But Then Why Would You Expect it to Be?
Rick Rycroft/Associated Press |
A while back The Dismal Political Economist posted on Ohio’s out sourcing of prisons. Ohio is in the process of selling off its prison to private, for profit companies. As noted, this is a terrible idea. It is a terrible idea from a humanitarian point of view and from an economics point of view.
On the economics alone, the strategy fails because private prisons will use political clout to try and increase payments they receive from the state for incarceration, they need a profit which adds to costs from the state, the state receives a one time windfall which cannot be replicated and it injects private companies into the criminal legislation activity as they try to increase rather than decrease prison populations.
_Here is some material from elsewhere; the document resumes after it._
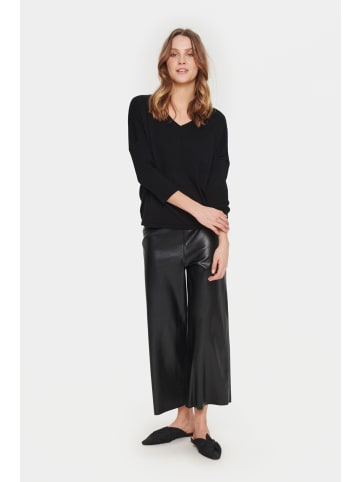 SAINT TROPEZ Strickpullover MilaSZ Gerade Passform in Black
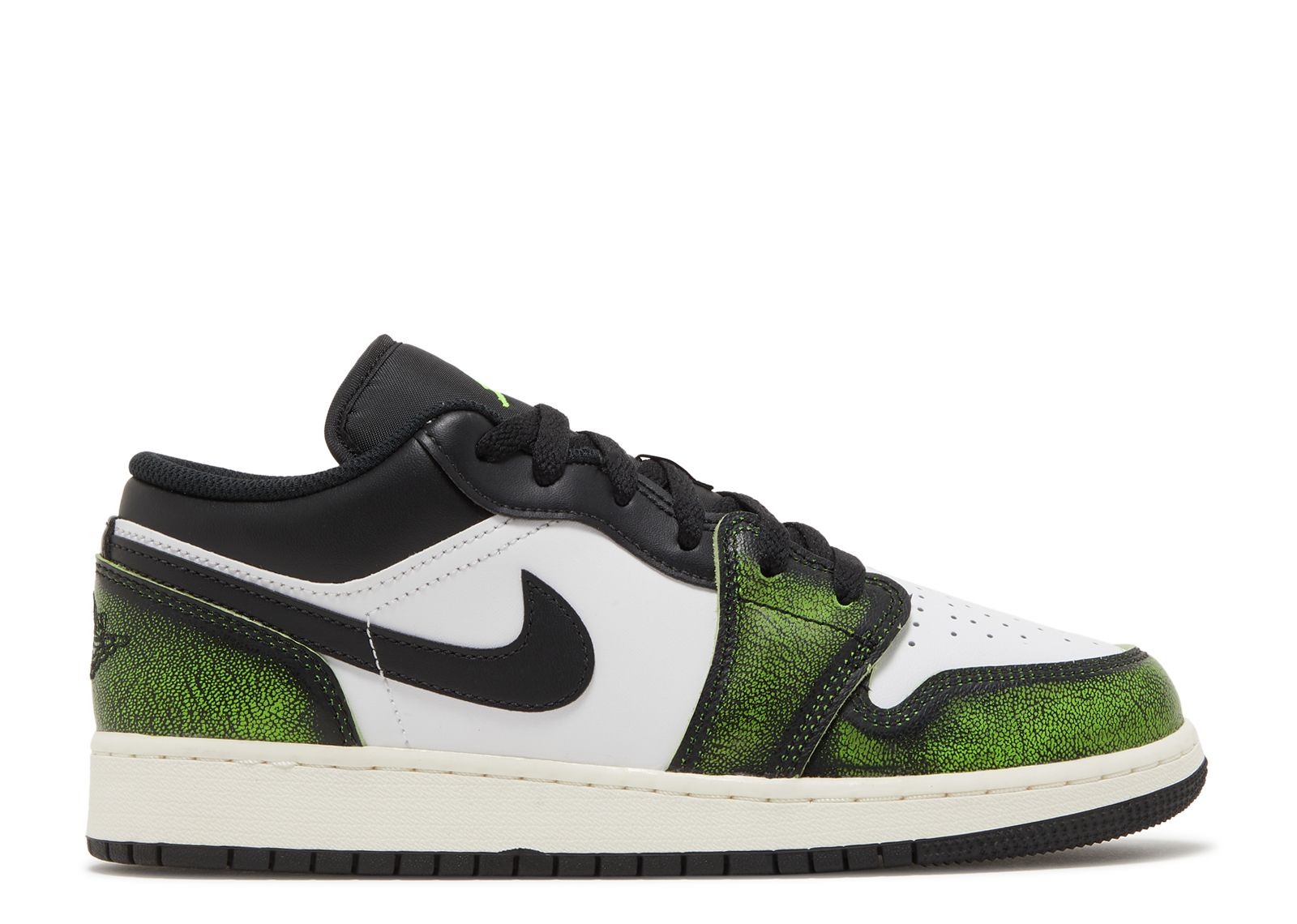 Jordan 1 Low SE GS 'Wear-Away - Electric Green'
Unknown to most people, private firms in the United States and other countries are involved in holding centers for illegal immigrants.
Especially in Britain, the United States and Australia , governments of different stripes have increasingly looked to such companies to expand detention and show voters they are enforcing tougher immigration laws.
Some of the companies are huge — one is among the largest private employers in the world — and they say they are meeting demand faster and less expensively than the public sector could.
The ultimate cost and whether or not the costs are actually lower with private firms will not be known for many years until studies can be done. But one recent study concluded that billions of dollars were wasted by governments using private contractors instead of doing the work themselves.
On the humanitarian front the reports are dismal.
the Florida-based prison company GEO Group, lost its Australia contract in 2003 amid a commission’s findings that detained children were subjected to cruel treatment. An Australian government audit reported that the contract had not delivered “value-for-money.” In the United States , GEO controls 7,000 of 32,000 detention beds.
And in the U. S. we have this
At the company’s Reeves County Detention Center in Texas , immigrant inmates rioted in 2009 and 2010 after several detainees died in solitary confinement. GEO executives declined to comment.
And so on.
The issue does not seem to be one of political philosophy, government officials of all stripes appear to have latched onto the idea of private prisons as a way for short term financial gain. So this is just another action that future generations will look back and say “What were you people thinking?”